Entre diciembre de 2021 y diciembre de 2022, la campaña para apoyar una Iniciativa Legislativa Popular (ILP) en favor de una regularización extraordinaria de personas migrantes -conocida popularmente como ILP Regularización YA– recabó casi 700.000 firmas de apoyo en nuestro país.
Iniciada por un colectivo de personas migrantes que vieron clara la oportunidad de aprovechar que la pandemia había visibilizado la importancia de trabajos como los relacionados con los cuidados y la agricultura -los peor pagados, pero quizás los más necesarios, casi todos ejercidos por personas migrantes, a menudo en situación de irregularidad y explotación-, terminó concitando el apoyo de casi un millar de organizaciones sindicales, ciudadanas, sociales y políticas, que movilizaron a miles de personas para respaldar una petición no solo justa, sino llena de sentido común.
Y es que hablamos sobre todo de una cuestión de derechos, pero también de bienestar social y económico. La anterior regularización extraordinaria de personas migrantes en nuestro país, llevada a cabo por el Gobierno de José Luis Rodríguez Zapatero en 2005, posibilitó la regularización de casi 600.000 personas migrantes, aumentó enormemente las cifras de afiliación a la Seguridad Social, mejoró notablemente la recaudación fiscal y fue valorada muy positivamente por la Comisión Europea y la Organización Internacional del Trabajo (OIT).

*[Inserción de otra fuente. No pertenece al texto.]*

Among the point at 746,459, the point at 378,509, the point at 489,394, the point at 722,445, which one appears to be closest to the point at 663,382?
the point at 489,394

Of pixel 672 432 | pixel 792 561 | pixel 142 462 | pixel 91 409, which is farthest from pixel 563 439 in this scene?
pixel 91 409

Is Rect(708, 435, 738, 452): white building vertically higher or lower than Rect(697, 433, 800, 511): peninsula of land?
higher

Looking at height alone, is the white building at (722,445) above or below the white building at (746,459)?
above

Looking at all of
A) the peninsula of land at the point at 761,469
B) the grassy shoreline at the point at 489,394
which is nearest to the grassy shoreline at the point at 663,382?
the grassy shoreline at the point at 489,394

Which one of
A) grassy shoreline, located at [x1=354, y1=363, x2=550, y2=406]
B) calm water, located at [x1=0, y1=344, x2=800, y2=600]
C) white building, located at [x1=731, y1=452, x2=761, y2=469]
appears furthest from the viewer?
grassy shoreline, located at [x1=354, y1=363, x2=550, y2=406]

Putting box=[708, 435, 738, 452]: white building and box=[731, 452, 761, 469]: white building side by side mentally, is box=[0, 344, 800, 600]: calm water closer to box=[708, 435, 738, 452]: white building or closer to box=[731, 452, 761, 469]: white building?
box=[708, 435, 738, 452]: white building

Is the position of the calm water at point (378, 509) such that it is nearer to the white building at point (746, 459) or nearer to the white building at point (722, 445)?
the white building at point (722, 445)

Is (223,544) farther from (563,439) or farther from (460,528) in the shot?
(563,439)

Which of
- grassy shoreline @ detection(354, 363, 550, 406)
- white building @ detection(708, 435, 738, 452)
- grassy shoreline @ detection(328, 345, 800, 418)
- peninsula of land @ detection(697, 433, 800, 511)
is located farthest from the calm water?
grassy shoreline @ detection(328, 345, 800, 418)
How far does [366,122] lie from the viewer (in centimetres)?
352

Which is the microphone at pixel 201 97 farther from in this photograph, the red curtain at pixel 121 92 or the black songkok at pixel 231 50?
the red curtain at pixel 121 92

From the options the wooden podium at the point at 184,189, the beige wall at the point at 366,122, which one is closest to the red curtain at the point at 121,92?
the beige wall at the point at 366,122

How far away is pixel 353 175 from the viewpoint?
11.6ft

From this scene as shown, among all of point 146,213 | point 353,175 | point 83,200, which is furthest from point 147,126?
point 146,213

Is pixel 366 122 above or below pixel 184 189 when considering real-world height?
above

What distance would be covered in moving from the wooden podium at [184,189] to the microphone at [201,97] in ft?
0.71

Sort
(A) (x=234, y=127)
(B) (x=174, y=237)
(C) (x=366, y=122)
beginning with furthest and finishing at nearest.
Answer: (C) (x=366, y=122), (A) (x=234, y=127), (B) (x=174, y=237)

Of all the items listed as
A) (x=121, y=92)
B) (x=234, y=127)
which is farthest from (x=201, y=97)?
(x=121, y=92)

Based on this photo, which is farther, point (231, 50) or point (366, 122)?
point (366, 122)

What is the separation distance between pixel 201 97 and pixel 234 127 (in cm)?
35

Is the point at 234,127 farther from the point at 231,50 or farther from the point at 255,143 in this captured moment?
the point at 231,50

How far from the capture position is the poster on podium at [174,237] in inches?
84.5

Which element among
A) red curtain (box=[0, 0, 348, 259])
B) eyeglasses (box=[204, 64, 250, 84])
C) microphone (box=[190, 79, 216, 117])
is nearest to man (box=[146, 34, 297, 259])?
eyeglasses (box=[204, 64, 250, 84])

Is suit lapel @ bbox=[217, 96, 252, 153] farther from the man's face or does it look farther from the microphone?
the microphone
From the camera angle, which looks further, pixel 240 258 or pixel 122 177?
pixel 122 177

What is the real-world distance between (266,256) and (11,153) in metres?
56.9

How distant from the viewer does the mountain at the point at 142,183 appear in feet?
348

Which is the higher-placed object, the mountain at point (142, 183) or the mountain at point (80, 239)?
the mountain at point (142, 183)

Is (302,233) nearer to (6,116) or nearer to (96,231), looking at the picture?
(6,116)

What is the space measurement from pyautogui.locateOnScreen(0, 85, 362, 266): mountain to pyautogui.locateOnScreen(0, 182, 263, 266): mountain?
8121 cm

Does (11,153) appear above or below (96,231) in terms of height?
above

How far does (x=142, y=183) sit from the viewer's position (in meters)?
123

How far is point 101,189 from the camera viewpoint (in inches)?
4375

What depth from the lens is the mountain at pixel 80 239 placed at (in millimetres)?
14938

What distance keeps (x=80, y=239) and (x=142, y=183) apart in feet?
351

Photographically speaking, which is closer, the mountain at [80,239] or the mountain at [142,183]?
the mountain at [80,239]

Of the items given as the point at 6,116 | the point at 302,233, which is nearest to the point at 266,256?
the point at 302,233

Las firmas fueron presentadas en el Congreso el 22 de diciembre de 2022, pero la tramitación de la iniciativa se vio paralizada por la convocatoria de elecciones anticipadas en julio de 2023 y la demora de meses en la formación de Gobierno. Finalmente, tras muchas vacilaciones y sustos -y una decisiva intervención en su favor de la jerarquía de la Iglesia española que, al menos en esta ocasión, sí estuvo a la altura- el Congreso admitió a trámite esta propuesta el 24 de abril de 2024.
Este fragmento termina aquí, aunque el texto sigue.